Law firms Strosberg Wingfield Sasso LLP and Orr Taylor LLP announced on Tuesday that a $500-million settlement agreement with George Weston Limited and Loblaw Companies Limited was executed on Jan. 31, 2025, to settle nationwide class-action lawsuits against them related to industry-wide price fixing for certain packaged bread products.

The settlement is still subject to court approval in Ontario and Quebec. Approval hearings will occur on May 5 in Toronto and June 16 in Montreal.

If approved, the law firms say the settlement will resolve all claims against Loblaw and Weston related to the class actions.

“On behalf of the Weston group of companies, we are sorry for the price-fixing behaviour we discovered and self-reported in 2015. This behaviour should never have happened,” said Galen Weston Jr., chairman of Loblaw and chief executive officer of Weston, in a statement in July 2024.

“Reaching a settlement on this matter was the right thing to do in response to previous behaviour that did not meet our values and ethical standards,” he added.

As a recap, in 2015, the grocery giant said it had discovered the industry-wide bread price-fixing arrangement and immediately reported it to the Competition Bureau.
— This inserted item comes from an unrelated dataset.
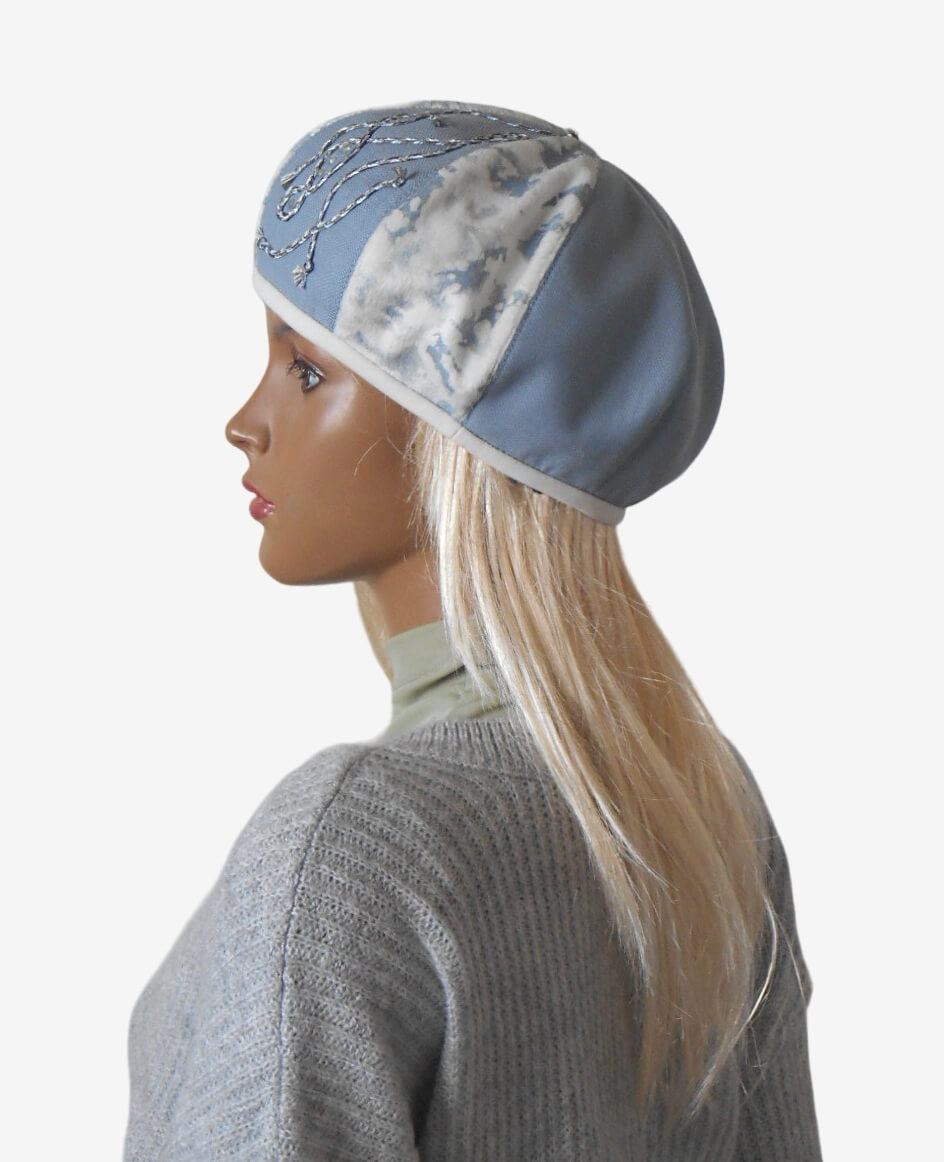 Side view of women’s blue and white beret showing decorative braid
This means Canadians probably spent more on bread than they should have between 2001 and 2015.

Other major grocery stores, such as Metro, Sobeys, and Walmart, were implicated in the scandal. The Competition Bureau said the companies “committed indictable offences under the Competition Act.”

Loblaw and Weston said it immediately responded by overhauling its pricing management and “significantly enhancing” its compliance programs.

Eligibility for bread price-fixing settlement

According to the law firms, if you bought packaged bread anywhere in Canada (excluding Quebec) between Jan. 1, 2001, and Dec. 31, 2021, you’re automatically included in the Ontario settlement.

The Quebec class action includes any Quebec resident who bought at least one package of bread between Jan. 1, 2001, and Dec. 19, 2019.

Those who want to opt out of the Ontario class action must do so by midnight PST on April 25. Quebec class members must opt out by May 30.

How much could you get?

Weston and Loblaw will provide a cash payment of $404 million, with $96 million already paid by the grocer through the Loblaw Card program in 2017.

Class members in Canada outside of Quebec will be allocated 78 per cent of the settlement funds (minus court-approved expenses), and 22 per cent will go to class members in Quebec.

“This resolution provides Canadian consumers with monetary relief they deserve,” said Jay Strosberg, managing partner at Strosberg Wingfield Sasso LLP.

According to law firms, the proposed distribution plan provides class members with compensation against 99.5 per cent of net settlement funds. The compensation you could individually receive depends on the number of approved claims.

The claims process has yet to be established.

Lastly, the settlement will also provide access to information that will be used in continuing the case against the remaining defendants: Canada Bread, Sobeys, Metro, Walmart Canada, and Giant Tiger.

“The expectation is that this will result in further significant monetary recovery for Canadians,” said Jim Orr, partner, Orr Taylor LLP.